The story of Dorothy and William Wordsworth is fascinating in terms of the aesthetic development of British Romanticism, the history of literary movements and their intersection with social forces, the expression and suppression of intimacy in the late 18th and early 19th centuries, women’s history, and the problems and rewards of literary biography and scholarship. It’s also, of course, if understood in a certain guilty way, the most luridly compelling of ambiguous sibling incest stories. People who pick up Frances Wilson’s The Ballad of Dorothy Wordsworth: A Life for any one of these reasons won’t be disappointed, but some of them might, like me, dive in for one reason and come up for air with an entirely new obsession.

The titular “ballad” centers around four small, paltry-looking notebooks, now known as the Grasmere Journals, written by Dorothy after her brother got married. The night before the wedding, Coleridge had a dream that Dorothy had transformed from herself -- an insightful, fiery, wild girl -- into an unrecognizable, fat woman with thick limbs. (“If I did not know you to be Dorothy,” says Coleridge in his dream, “I never should suppose it.” Dorothy responds, “Why, I have not a feature the same.”) It was true. She wore William’s ring the night before he got married, and when he came to collect it, to take it to her friend Mary, who was about to become his wife, “He slipped it again onto my finger & blessed me fervently.” Later, she tries to keep it together as her brother is off saying his vows, but once the thing is over, she can’t stand it anymore, and throws herself on the bed in a kind of coma, “neither hearing nor seeing anything.”  
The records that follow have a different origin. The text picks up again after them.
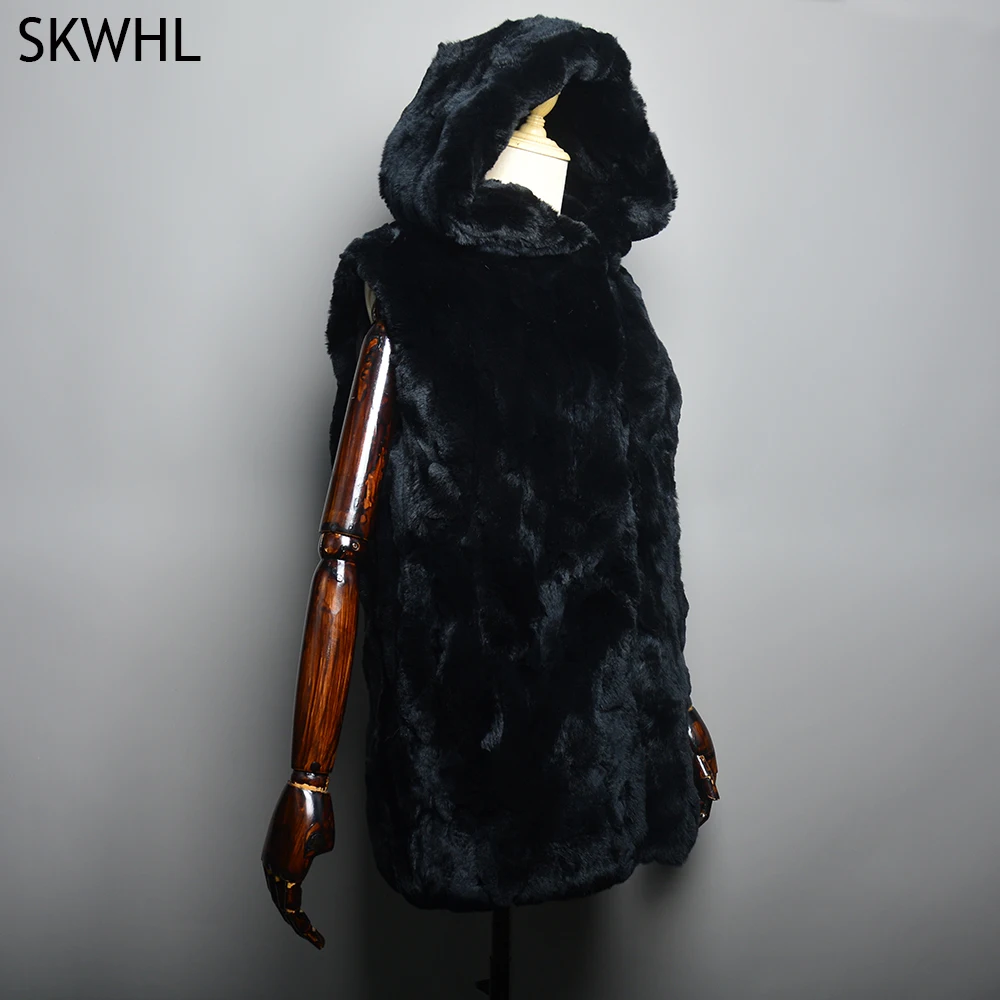 Luxury Women Hooded Fur Coat Beige Rex Rabbit Fur Vest Sleeveless with Hood Winter Rex Rabbit Fur Waistcoat 100% Real Fur Vest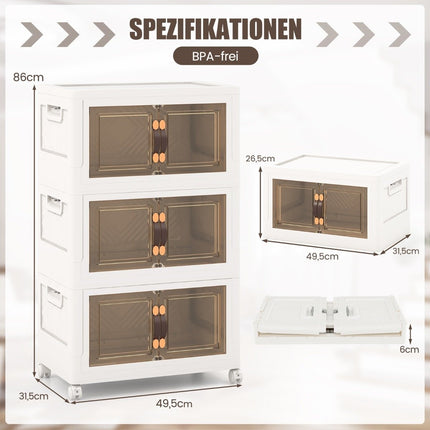 Set of 3 stackable storage boxes with lids & wheels & doors 49.5 x 31.5 x 86 cm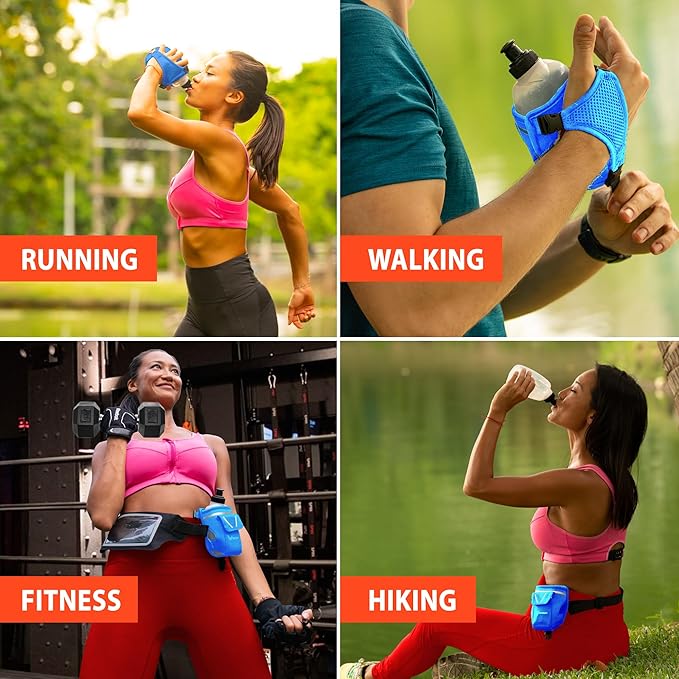 2-in-1 Running Fun – Handheld 12 Oz Water Bottle & Running Belt Add-On – No-Grip Design, Straps on Hand & Slides on Belt, Waterproof Pocket for Money, Keys, Gels – Maximize Time, Freedom & Health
Dorothy was separated from her brothers as a child, and sent to live with relatives. After she was reunited with them as a teen, her mutual attachment to William was fierce. Dorothy was sitting around caring for babies and teaching Sunday school, while William (a year older) was off walking through the Alps and enjoying a political awakening and knocking up a Frenchwoman and going to Cambridge. He wrote her passionate letters, wishing he could share his experiences of nature with her, and it’s no wonder that she fled her current life in order to set off, on foot, with her brother at the first opportunity. Their years of separation gave them a hungry need to make up for lost time.

In the history of women in literature, the line between collaborator and muse is often so thin that it dissolves into nothing. What was Dorothy? She scuttled about after William, recording his beautiful poetry, because William disliked the actual process of writing. She suffered from migraines, and found solace in her garden. She punished herself excessively for her own attempts at poetry or prose, protesting so viciously that it becomes almost impossible not to see her as a closeted poet, fighting herself. (“I have no command of language, no power of expressing my ideas, and no one was ever more inept at moulding words into a regular metre,” she wrote. And, “I did try one story, but failed so sadly that I was completely discouraged.” And, “I should detest the idea of setting myself up as an author.”) She was a fierce, dazzling and accurate critic of her brother’s work, and he tended to take all of her suggestions and use them.

“Dorothy’s comments on [William’s] early poetry,” notes Wilson rather drolly, “reveal that somewhere between picking berries in Halifax, stitching sheets in Penrith, and bathing babies in Forncett she has developed a rather strong and independent poetic sense.”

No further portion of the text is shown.